As a birthday gift, I was able to travel to southern France to study cooking. That was an incredible opportunity, and I learned much about French cooking.

CIMK Kaplen-Jacobs 041818 0 (2)
Edwena Kaplen-Jacobs’ flavorful and versatile Bobotie is in great demand from her family and friends. Allison Long The Kansas City Star

Q: Tell us about Bobotie, the dish you are sharing.

A: It is one of my signature dishes. Twice, when my sons were in elementary school, I offered to prepare a five-course dinner for 10 people and donated the dinner to their fundraising auctions. Bobotie was the main dish. The dinner raised $1,000 each time it was auctioned. Then, when my son’s fraternity at KU, Phi Gamma Delta (or Fiji), held an auction, that dinner sold for $1,500.
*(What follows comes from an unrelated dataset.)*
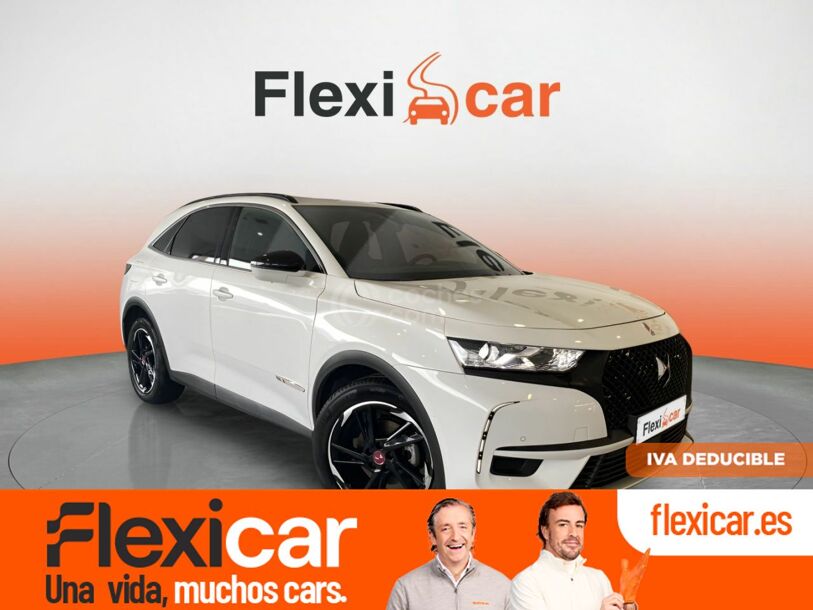 Foto del DS DS7 1.5BlueHDi Performance Line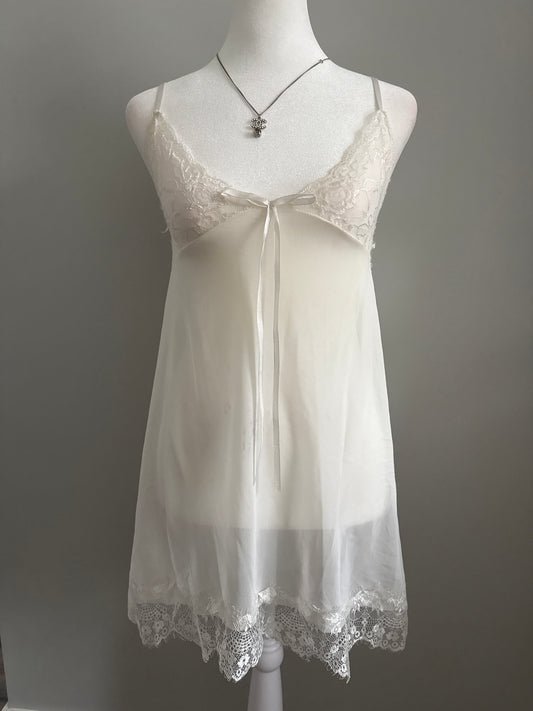 vanilla bean margarita cocktail slip dress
The dish is very popular in South Africa, and my neighbors beg to come to dinner when I prepare it. While the dish may typically feed about six people, when my sons are home, the two of them enjoy it so much they can almost eat it all.

The ground meat is flavored with curry, then covered with a creamy yogurt and egg topping, so the dish is as beautiful as it is richly flavored. It takes just about 20 minutes to assemble before going into the oven, so it is not difficult or time-consuming.

It is a versatile recipe, and you can adjust the flavor to fit your preferences. Sometimes I add the silvered almonds or chopped, dried apricots to the meat, but it is still very good if you leave them out. While many top the classic casserole with buttermilk, I enjoy a thicker topping made with Greek yogurt.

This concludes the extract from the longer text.